Some 40 species of sphagnum moss grow in Japan. S. palustre is also common in wet woodlands and moorland throughout the British Isles. This robust species is whitish-green in color, with stems up to 25 cm long. Fruit capsules are frequently produced during the early summer.

Ukishima has an area of only 5,000 sq. meters, yet this small bog woodland supports over 130 species of plants; most are clearly labeled in katakana, so bring along your pocket guidebook.

A pontoon boardwalk helps visitors explore the bog. Its upper story consists of conifers such as Japanese cedar (sugi, Cryptomeria japonica) and inu-maki (Podocarpus maki) and broadleafed evergreens such as koba-mochi (Elaeaocarpus japonicus), taimin-tachibana (Myrsine seguinii) and yama-momo (Myrica rubra). Deciduous trees include the Japanese lacquer tree (haze-no-ki, Rhus succedanea) and yama-haze (R. trichocarpa).

On a recent visit to Ukishima I saw in the dim light of the woodland some berries that were almost fluorescent: the small dark blue berries of Satsuma rurimi-ki (Lasianthus satsumanensis), a small evergreen shrub that only grows in the southern Kii Peninsula, Shikoku and Kyushu.

Another plant that caught my attention was an evergreen climber that had almost smothered a lacquer tree growing at the edge of the water: sakaki-kazura (Anodendron affine). In May and June its small but attractive, tubular yellow flowers are borne in panicles.

The sakaki part of this plant’s name refers to a different plant entirely; the real sakaki (Cleyera japonica) does grow in Ukishima, though, and the similarity between the two may lie in the shiny dark green leaves.

Some interesting ferns grow on the woodland floor. The tongue fern or Japanese felt fern (hitotsuba, Pyrrosia lingua) is an evergreen, epiphytic fern with a rhizome root system. It grows on dead logs close to the sphagnum moss in Ukishima. The leathery fronds reach 30 cm. Native to the Tokaido region and westward, this fern has many cultivated forms and does well in shady, moist gardens.

Also on the woodland floor can be seen manryo (Ardisia crenata). This attractive red-berried evergreen is often planted in Japanese gardens and is used for decorations around New Year’s.

About 100 meters in front of Shingu Station is a two-storied Chinese-style gate. This is the entrance to Jofuku Park, named for a Chinese Buddhist monk who is buried in this park.

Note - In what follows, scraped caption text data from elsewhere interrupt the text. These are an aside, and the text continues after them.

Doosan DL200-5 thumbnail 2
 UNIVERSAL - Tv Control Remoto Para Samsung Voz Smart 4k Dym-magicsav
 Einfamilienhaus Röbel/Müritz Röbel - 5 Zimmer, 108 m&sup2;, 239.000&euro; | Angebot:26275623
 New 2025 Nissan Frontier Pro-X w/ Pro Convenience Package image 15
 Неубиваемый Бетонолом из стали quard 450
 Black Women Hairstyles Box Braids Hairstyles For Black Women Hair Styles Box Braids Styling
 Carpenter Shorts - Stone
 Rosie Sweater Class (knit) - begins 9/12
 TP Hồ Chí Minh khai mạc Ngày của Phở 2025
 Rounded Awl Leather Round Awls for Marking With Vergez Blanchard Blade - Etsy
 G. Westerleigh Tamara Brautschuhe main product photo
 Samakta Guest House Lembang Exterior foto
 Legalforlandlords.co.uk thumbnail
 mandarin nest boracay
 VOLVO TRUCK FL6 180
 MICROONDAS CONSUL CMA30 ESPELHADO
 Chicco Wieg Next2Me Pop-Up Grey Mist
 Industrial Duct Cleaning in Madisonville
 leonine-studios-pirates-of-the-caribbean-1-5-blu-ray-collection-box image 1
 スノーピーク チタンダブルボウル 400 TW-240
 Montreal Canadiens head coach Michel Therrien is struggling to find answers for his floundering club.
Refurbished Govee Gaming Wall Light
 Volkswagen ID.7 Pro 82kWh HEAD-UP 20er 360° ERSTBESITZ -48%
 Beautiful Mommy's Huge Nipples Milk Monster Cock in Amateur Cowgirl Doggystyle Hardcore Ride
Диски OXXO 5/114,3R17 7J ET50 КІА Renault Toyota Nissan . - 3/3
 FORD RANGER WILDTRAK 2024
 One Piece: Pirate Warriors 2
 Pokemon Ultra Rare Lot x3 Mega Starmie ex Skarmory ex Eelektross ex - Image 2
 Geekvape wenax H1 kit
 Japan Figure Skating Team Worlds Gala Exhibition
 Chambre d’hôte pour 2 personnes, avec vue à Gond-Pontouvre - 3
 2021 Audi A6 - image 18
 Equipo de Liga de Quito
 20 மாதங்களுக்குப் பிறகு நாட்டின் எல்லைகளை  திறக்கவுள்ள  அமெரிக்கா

Jofuku may have been responsible for the introduction of Tendai uyaku (Lindera strychnifolia) to Japan, and perhaps first to Shingu, during the Kyoho Era (1716-36). This evergreen shrub is native to southern China and the leaves are used to make jofuku-cha, which is reputed to be good for longevity. Tendai uyaku is now naturalized in the Shingu area.